Figure 2. Analysis of immune cells and drug sensitivity. (A–M) Correlation between immune cells and risk score. (N–T) Drug sensitivity between groups divided by risks.
3.3 Evaluation for prognostic model based on genes related to neutrophil extracellular traps in patients with childhood acute lymphoblastic leukemia
The results mentioned before demonstrated the potential effects of the NET-related genes on the prognosis of cALL. To accurately assess the prognosis of cALL, a prognostic risk model was constructed. Data of samples were randomly divided into testing (n = 284) and training groups (n = 285). After using Cox regression algorithm and LASSO Cox regression algorithm, 13 genes were selected as the most powerful predictive factors (namely, TRIM8, ALDH3B1, RPE, IDH3A, EPB41L5, SERPING1, STK38L, DUSP3, NIPSNAP3, CRMP1, RDX, PTTG1IP, and BASP1), with the formula shown in Supplementary Table S2. The model was accomplished by considering the expression of genes, hazard ratio, and survival status (Figures 3A–C). We validated the model using multiple methods. The differences in overall survival (OS) among the three groups, namely, the training group, testing group, and merging group (combining training and testing groups), were significant, with p < 0.001 among the three groups. The AUCs of the ROC curves for the training group at 1 year, 3 years, and 5 years were 0.778, 0.910, and 0. 923, respectively, while the AUCs for the testing group were 0.492, 0.755, and 0. 688, respectively. Overall, the AUCs for the merging group were 0.628, 0.839, and 0. 805, respectively (Figures 3D–R).
Figure 3. Evaluation for a prognostic model of genes related to NETs in patients with cALL. (A) Plots of LASSO selecting candidate genes. (B) Cross-validation for LASSO. (C) Alluvial diagram of distributions in different groups. (D–G) ROC, KM curve, heatmap related to selected NET-related genes, and plots showing distribution between risk score and patients; (H) plots showing distribution between survival status and patients in the training group. (I–R) The types of (I–R) are consistent with (D–H), but the group is a testing group and a merging group, respectively.

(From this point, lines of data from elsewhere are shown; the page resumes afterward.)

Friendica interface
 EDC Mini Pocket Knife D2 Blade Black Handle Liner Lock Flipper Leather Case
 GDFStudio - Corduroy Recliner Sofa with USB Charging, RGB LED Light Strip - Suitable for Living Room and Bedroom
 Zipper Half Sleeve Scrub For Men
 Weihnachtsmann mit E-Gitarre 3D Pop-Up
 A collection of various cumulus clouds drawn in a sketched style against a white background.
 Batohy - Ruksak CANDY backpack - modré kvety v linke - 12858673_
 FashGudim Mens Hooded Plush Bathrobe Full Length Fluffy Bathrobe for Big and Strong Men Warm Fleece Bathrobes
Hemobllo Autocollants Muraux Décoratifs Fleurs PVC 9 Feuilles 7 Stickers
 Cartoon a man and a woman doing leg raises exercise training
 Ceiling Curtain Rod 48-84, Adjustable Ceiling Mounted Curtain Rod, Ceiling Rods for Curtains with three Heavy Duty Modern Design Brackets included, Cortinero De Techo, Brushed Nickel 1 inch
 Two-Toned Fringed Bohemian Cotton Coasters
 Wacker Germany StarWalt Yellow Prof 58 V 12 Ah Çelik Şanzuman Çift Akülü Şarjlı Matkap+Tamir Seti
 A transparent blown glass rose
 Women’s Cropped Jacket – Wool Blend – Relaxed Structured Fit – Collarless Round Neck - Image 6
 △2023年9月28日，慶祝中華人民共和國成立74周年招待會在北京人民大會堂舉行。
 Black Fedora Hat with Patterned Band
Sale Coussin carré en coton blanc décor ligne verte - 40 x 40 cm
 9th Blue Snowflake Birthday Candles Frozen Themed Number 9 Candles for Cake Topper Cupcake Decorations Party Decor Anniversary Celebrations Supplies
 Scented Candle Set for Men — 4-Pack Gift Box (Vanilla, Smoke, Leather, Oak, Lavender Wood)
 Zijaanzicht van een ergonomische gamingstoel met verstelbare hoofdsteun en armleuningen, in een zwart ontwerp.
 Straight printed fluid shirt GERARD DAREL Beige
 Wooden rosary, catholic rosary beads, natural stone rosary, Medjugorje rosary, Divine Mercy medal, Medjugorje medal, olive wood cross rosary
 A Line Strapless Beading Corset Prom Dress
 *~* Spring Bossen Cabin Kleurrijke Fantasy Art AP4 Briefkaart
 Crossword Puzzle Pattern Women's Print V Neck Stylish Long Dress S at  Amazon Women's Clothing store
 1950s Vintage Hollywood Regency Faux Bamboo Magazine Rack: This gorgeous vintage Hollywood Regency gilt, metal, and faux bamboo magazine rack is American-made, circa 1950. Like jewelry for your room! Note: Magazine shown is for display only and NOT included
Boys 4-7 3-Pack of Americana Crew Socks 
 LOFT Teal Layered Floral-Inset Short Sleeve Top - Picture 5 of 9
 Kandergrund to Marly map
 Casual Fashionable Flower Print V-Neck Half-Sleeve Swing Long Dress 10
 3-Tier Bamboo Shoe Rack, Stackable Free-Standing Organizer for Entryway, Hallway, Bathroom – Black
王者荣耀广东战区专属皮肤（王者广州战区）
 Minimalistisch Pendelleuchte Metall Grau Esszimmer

3.4 Evaluating for nomogram prognostic model
We performed univariate Cox regression analysis to investigate the prognostic value of the risk score by matching the risk score of cALL patients in the merging cohort (n = 569) with parameters recorded in the clinical data, such as gender, ethnicity, race, age, and risk. These five parameters were added to a nomogram, which demonstrated good predictive efficacy for personal prognostic outcomes at first, third, and fifth years (Figure 4A). Calibration curves were then constructed to assess the consistency of the model in predicting survival probabilities (Figure 4B).
Figure 4. Evaluating for nomogram model. (A) Nomogram in predicting 1-year, 3-year, and 5- year OS in patients with cALL. (B) Calibration curves of the nomogram.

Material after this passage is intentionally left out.